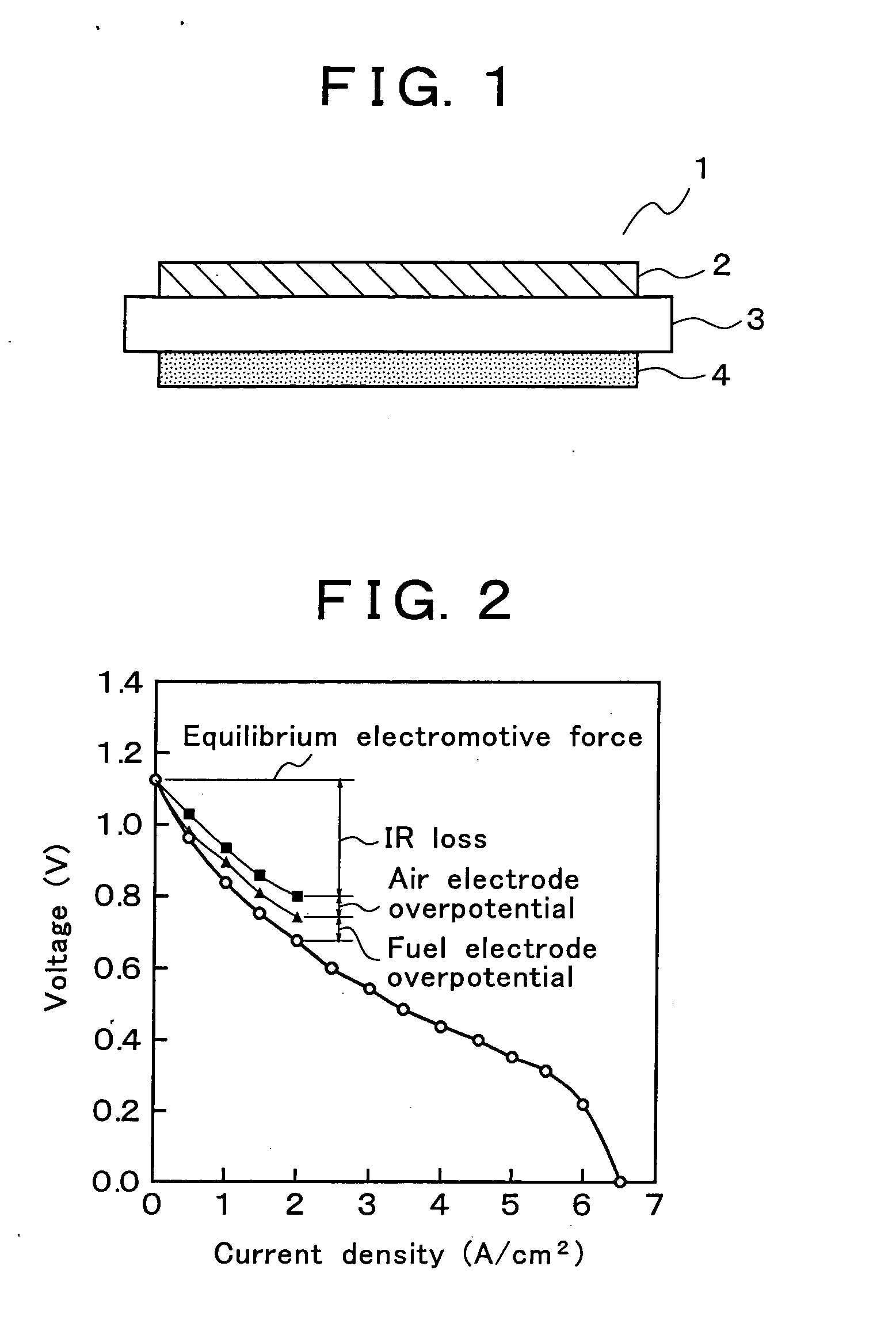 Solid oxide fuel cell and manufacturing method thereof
----
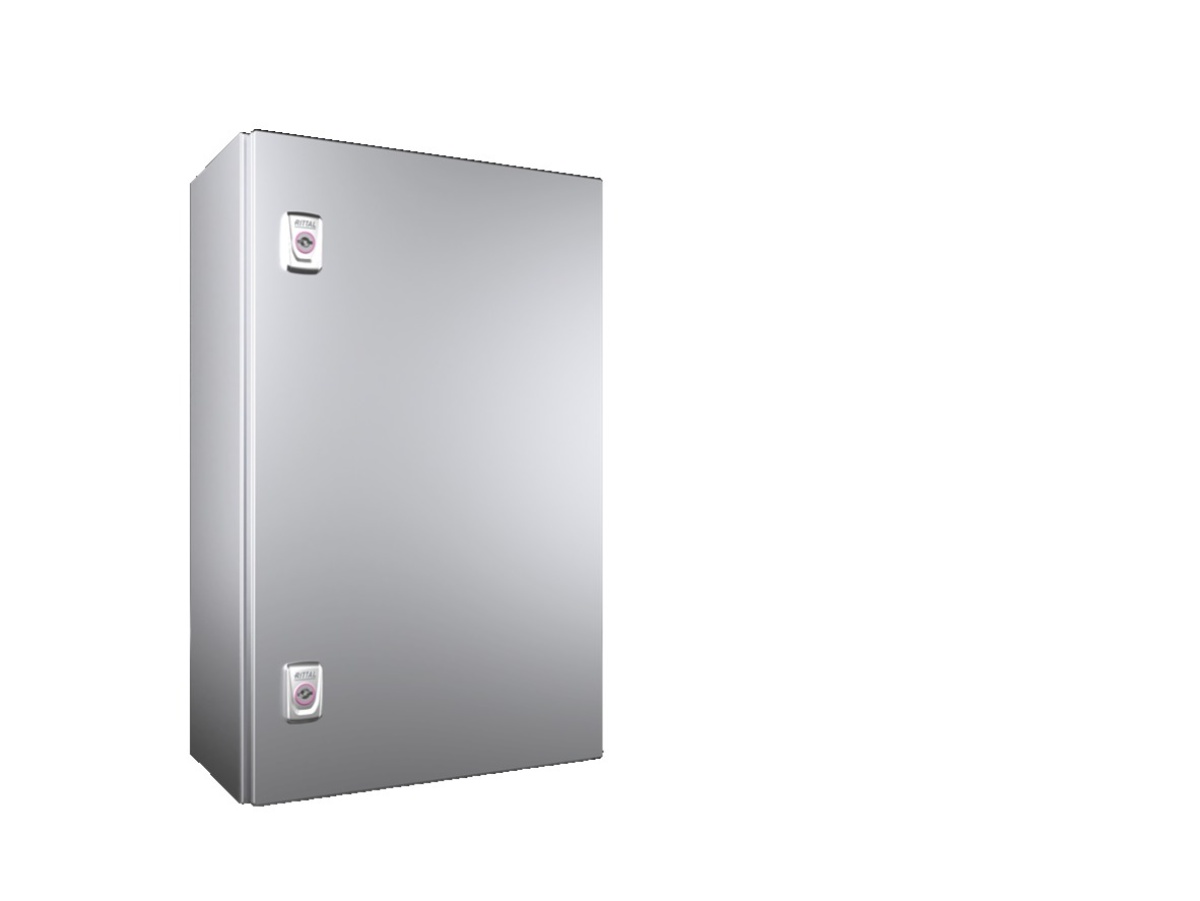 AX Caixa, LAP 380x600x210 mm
----
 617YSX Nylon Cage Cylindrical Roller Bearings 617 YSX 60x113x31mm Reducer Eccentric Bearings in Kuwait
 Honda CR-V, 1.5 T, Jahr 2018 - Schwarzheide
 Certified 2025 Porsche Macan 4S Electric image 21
----
[WORK INSTRUCTIONS]
Taking the line with "617YSX Nylon Cage" as the first and the line with "Certified 2025 Porsche" as the last, retype that stretch of the data above exactly, with no other lines.

[ANSWER]
 617YSX Nylon Cage Cylindrical Roller Bearings 617 YSX 60x113x31mm Reducer Eccentric Bearings in Kuwait
 Honda CR-V, 1.5 T, Jahr 2018 - Schwarzheide
 Certified 2025 Porsche Macan 4S Electric image 21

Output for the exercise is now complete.